Leaving out the pictures, return word for word the stretch of entries below from the line holding "White Peeling Paint" through the line holding "Lone monastery in".

SUPPLIED RECORDS section start

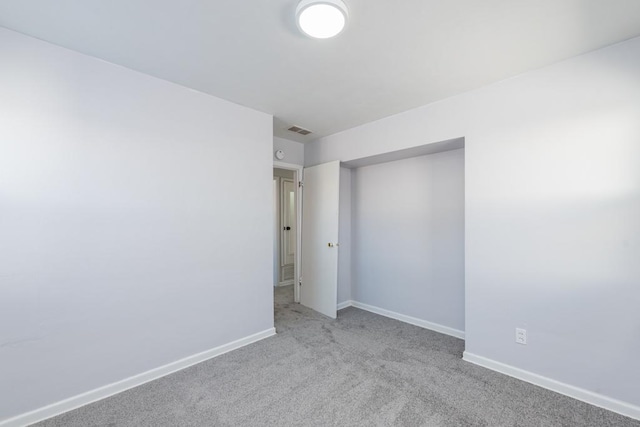 unfurnished bedroom featuring light colored carpet, visible vents, and baseboards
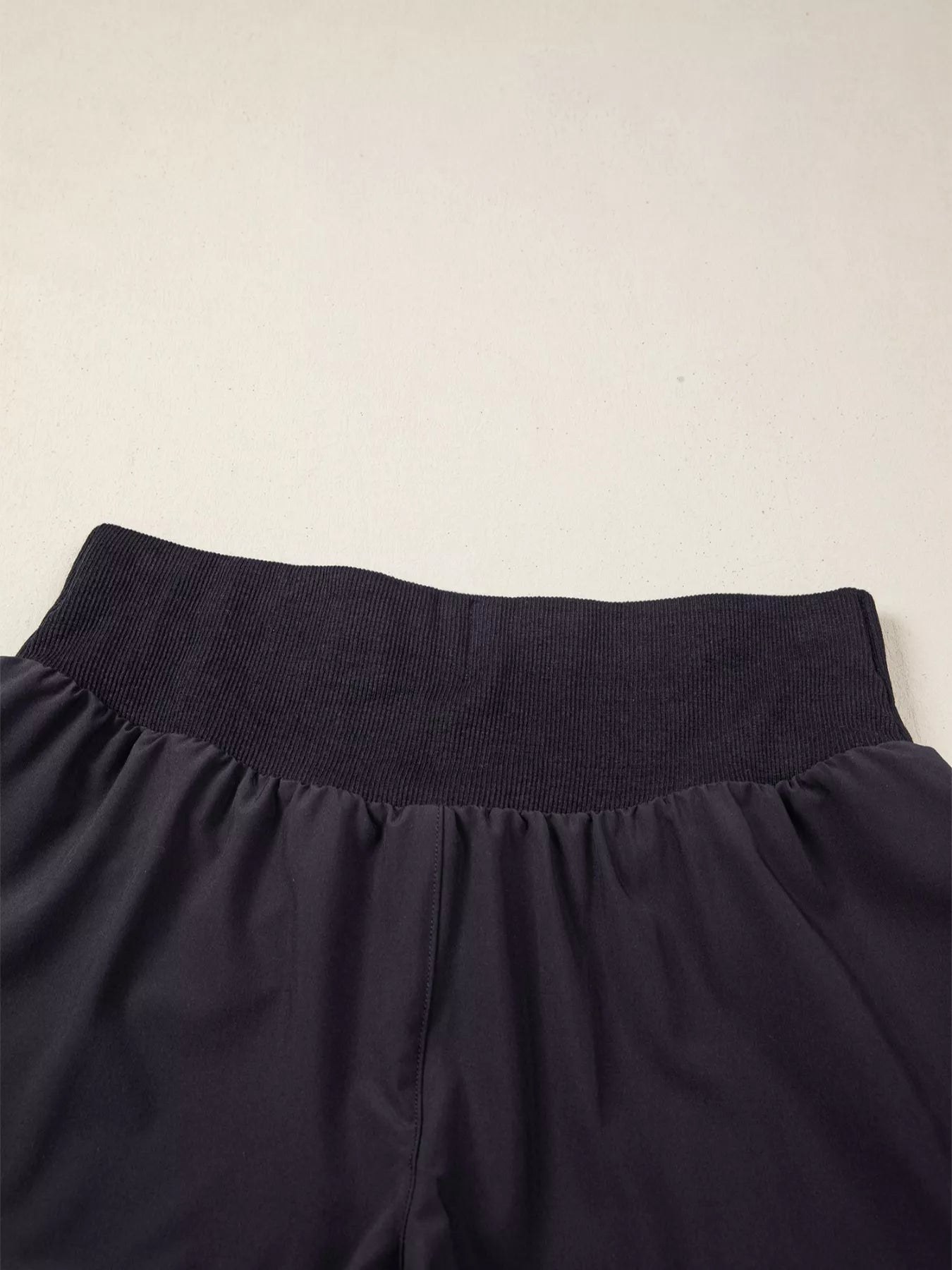 Navy blue pants with a textured waistband on a beige background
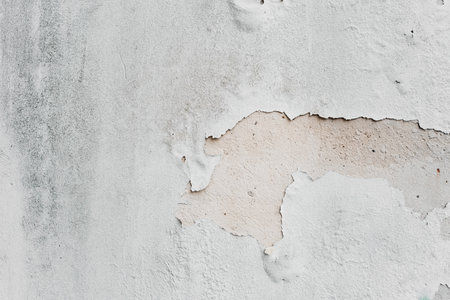 White Peeling Paint on Plaster Wall Textureの写真素材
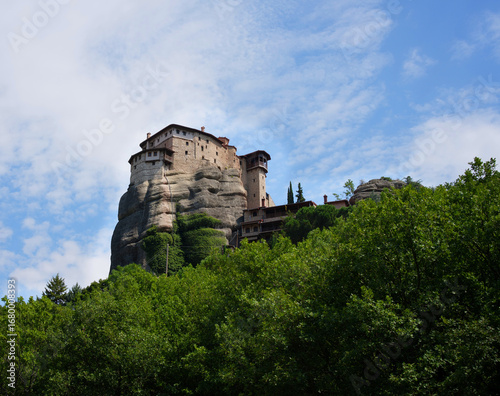 Lone monastery in Meteora, Greece  as seen from below a cliff with wispy clouds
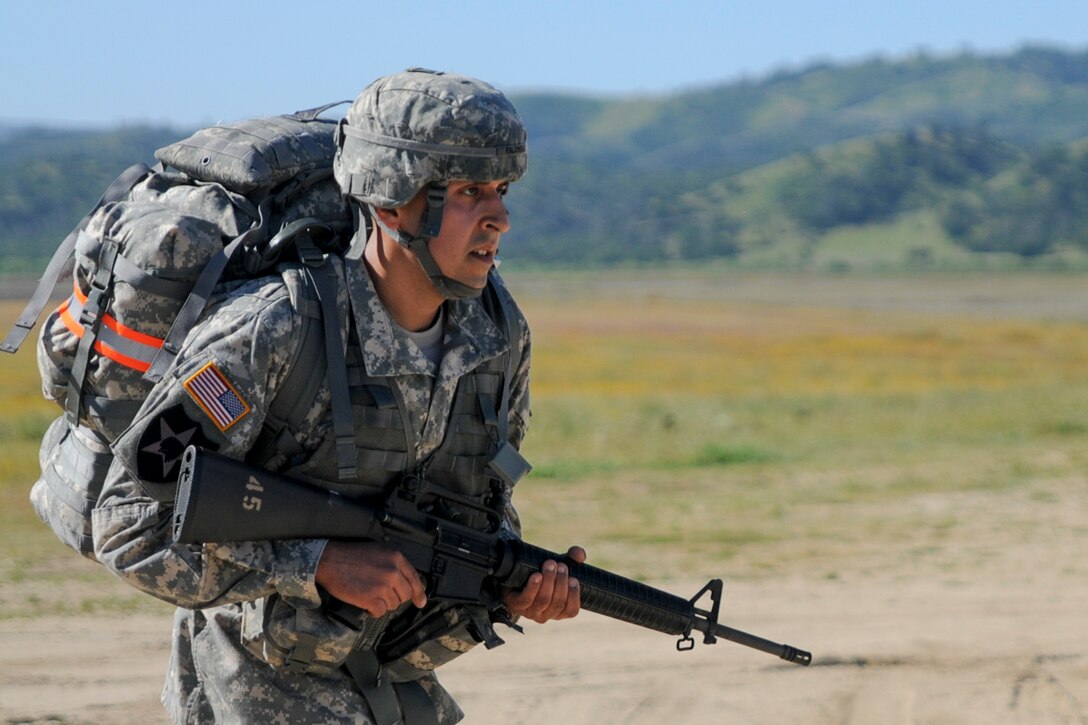 Staff Sgt. Antonio Palomera, from 152nd Theater Information Operations Group, competes in a ruck march at the U.S. Army Civil Affairs and Psychological Operations Command 2016 U.S. Army Best Warrior Competition at Fort Hunter Liggett, Calif., April 5, 2016. This year’s Best Warrior competition will determine the top noncommissioned officer and junior enlisted Soldier who will represent USACAPOC in the Army Reserve Best Warrior competition later this year. (U.S. Army photo by Spc. Khadijah Lutz-Wilcox, USACAPOC)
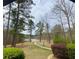 Community path with landscaping offers a scenic route to the lake, inviting residents to explore and unwind at 211 Serendipity Way, Dallas, GA 30157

SUPPLIED RECORDS section end

**EXERCISE RESULT:**
 White Peeling Paint on Plaster Wall Textureの写真素材
 Lone monastery in Meteora, Greece  as seen from below a cliff with wispy clouds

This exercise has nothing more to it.